Comment: Embassy particularly impressed with Sato eagerness to be informed on U.S. relations with what he considers three great powers of Europe, and we hope Secretary will include appropriate time on that subject. Critique of de Gaulle visit to Moscow will undoubtedly be at top of Sato’s list.
Reischauer
  1. Source: National Archives and Records Administration, RG 59, Central Files 1964–66, POL JAPAN–US. Secret; Limdis; Priority. Repeated to Taipei for Rusk and Bundy.
  2. In telegram 3687 to Tokyo, June 22, Bundy notified Reischauer that SIG policy papers on U.S.-Japan Overall Relationship, U.S.-Japan Security Treaty, and the Japanese Defense Forces had been approved and that he should begin carrying out the actions they outlined. (Ibid.)
  3. Reference is to “The U.S.-Japan Overall Relationship,” May 27. (Ibid., S/PC Files: Lot 72 D 139, Country Files)
  4. Paragraph 13 of the paper “U.S.-Japan Security Treaty,” May 27, contained a list of recommended actions for Reischauer to implement, namely, to inform Sato of the U.S. commitment to maintaining the treaty without revisions and to request that the Japanese Government declare its intention to renew the treaty. (Ibid.)
  5. President Johnson explained in a letter presented to Sato on June 23 that the bombing raids on rail and road bridges had been resumed to disrupt North Vietnamese supply lines, which had been expanded during the bombing pause in December and January. (Telegram 3691 to Tokyo, June 22; ibid., Central Files 1964–66, POL 27 VIET S)
  6. Rusk visited Japan July 4–7 to attend the U.S.-Japan Joint Committee on Trade and Economic Affairs held in Kyoto. On July 6 and 7 Rusk discussed a broad range of topics with Shiina. On July 7 Rusk went to Tokyo and met with Sato. In addition to visiting Japan, Rusk traveled to Australia, the Philippines, the Republic of China, and the Republic of Korea during his official visit to the Far East between June 25 and July 9. Documentation on Rusk’s trip to Japan is ibid., POL JAPAN–US, POL CHICOM–JAPAN, POL JAPAN–KOR S, POL 19 RYU IS, DEF 4 JAPAN–US, DEF 12 CHICOM, E 1 JAPAN–US, and FT 1 JAPAN–US.

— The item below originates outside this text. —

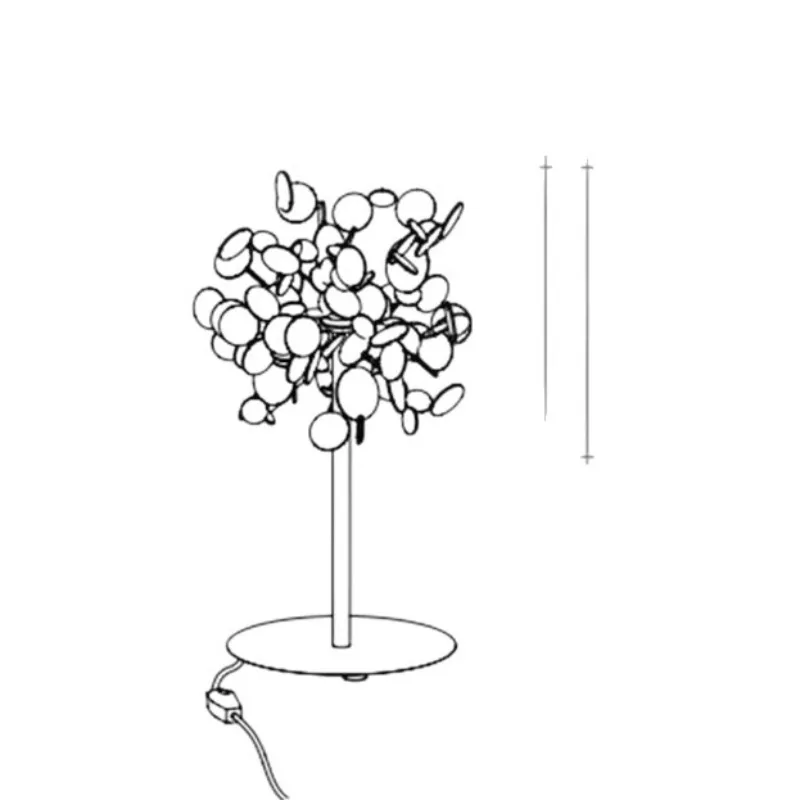 Bedside decorative table lamp ornament light luxury living room bedroom lamp Italian creative stainless steel desk
Bedside decorative table lamp ornament light luxury living room bedroom lamp Italian creative stainless steel desk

  7. During their meeting on July 7, Sato briefly mentioned the court cases to Rusk, who agreed to look into the matter after returning to Washington. (Memorandum of conversation; ibid., POL 19 RYU IS) At issue were the so-called “Mackerel” case, involving a HICOM ordinance taxing imported mackerel, and the Timori case, questioning an ordinance establishing qualifications for elected officials. The USCAR Court issued its verdicts on both cases on December 2. The verdict in the “Mackerel” case upheld the HICOM ordinance and garnered little comment. The verdict in the more highly publicized Timori case attracted attention because the USCAR Court decision seemingly granted GRI courts the right to challenge the validity of HICOM ordinances. Soon after the verdict was announced, HICOM repealed the ordinance, a long-planned action having no relationship to the verdict but nevertheless granting GRI authorities jurisdiction over qualifications of the Islands’ elected representatives. (Airgram A–761 from Tokyo, December 9; ibid., POL 2–1 JAPAN) Additional documentation pertaining to the cases is ibid., POL 19 RYU IS.